Python API determined.TrialContext¶
The TrialContext
provides useful methods for writing Trial
subclasses. All Trial
subclasses receive a TrialContext
object as an argument to their __init__()
method:
PyTorchTrial
subclasses receive a plainPyTorchTrialContext
.TFKerasTrial
subclasses receive aTFKerasTrialContext
.EstimatorTrial
subclasses receive anEstimatorTrialContext
.
determined.TrialContext
¶
- class determined.TrialContext(env: determined._env_context.EnvContext, hvd_config: determined.horovod.HorovodContext, rendezvous_info: determined._info.RendezvousInfo)¶
TrialContext is the system-provided API to a Trial class.
TrialContext always has an instance of
DistributedContext
accessible as thedistributed
attribute for information related to distributed training.- classmethod from_config(config: Dict[str, Any]) determined._train_context.TrialContext ¶
Create an context object suitable for debugging outside of Determined.
An example for a subclass of
PyTorchTrial
:config = { ... } context = det.pytorch.PyTorchTrialContext.from_config(config) my_trial = MyPyTorchTrial(context) train_ds = my_trial.build_training_data_loader() for epoch_idx in range(3): for batch_idx, batch in enumerate(train_ds): metrics = my_trial.train_batch(batch, epoch_idx, batch_idx) ...
An example for a subclass of
TFKerasTrial
:config = { ... } context = det.keras.TFKerasTrialContext.from_config(config) my_trial = tf_keras_one_var_model.OneVarTrial(context) model = my_trial.build_model() model.fit(my_trial.build_training_data_loader()) eval_metrics = model.evaluate(my_trial.build_validation_data_loader())
- Parameters
config – An experiment config file, in dictionary form.
- get_experiment_config() Dict[str, Any] ¶
Return the experiment configuration.
- get_data_config() Dict[str, Any] ¶
Return the data configuration.
- get_experiment_id() int ¶
Return the experiment ID of the current trial.
- get_global_batch_size() int ¶
Return the global batch size.
- get_per_slot_batch_size() int ¶
Return the per-slot batch size. When a model is trained with a single GPU, this is equal to the global batch size. When multi-GPU training is used, this is equal to the global batch size divided by the number of GPUs used to train the model.
- get_trial_id() int ¶
Return the trial ID of the current trial.
- get_hparams() Dict[str, Any] ¶
Return a dictionary of hyperparameter names to values.
- get_hparam(name: str) Any ¶
Return the current value of the hyperparameter with the given name.

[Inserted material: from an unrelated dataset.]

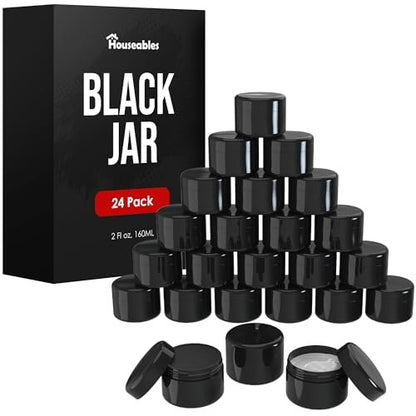 Houseables 2 Oz Black Plastic Jars with Lids – 24-Pack Empty Cosmetic Containers for Body Butter, Cream, Makeup, Travel Avelisse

- get_stop_requested() bool ¶
Return whether a trial stoppage has been requested.
- set_stop_requested(stop_requested: bool) None ¶
Set a flag to request a trial stoppage. When this flag is set to True, we finish the step, checkpoint, then exit.
determined.TrialContext.distributed
¶
- class determined._train_context.DistributedContext(rank_info: determined._train_context.RankInfo, chief_ip: Optional[str] = None, pub_port: int = 12360, pull_port: int = 12376, port_offset: int = 0, force_tcp: bool = False)¶
DistributedContext provides useful methods for effective distributed training.
- get_rank() int ¶
Return the rank of the process in the trial. The rank of a process is a unique ID within the trial; that is, no two processes in the same trial will be assigned the same rank.
- get_local_rank() int ¶
Return the rank of the process on the agent. The local rank of a process is a unique ID within a given agent and trial; that is, no two processes in the same trial that are executing on the same agent will be assigned the same rank.
- get_size() int ¶
Return the number of slots this trial is running on.
- get_num_agents() int ¶
Return the number of agents this trial is running on.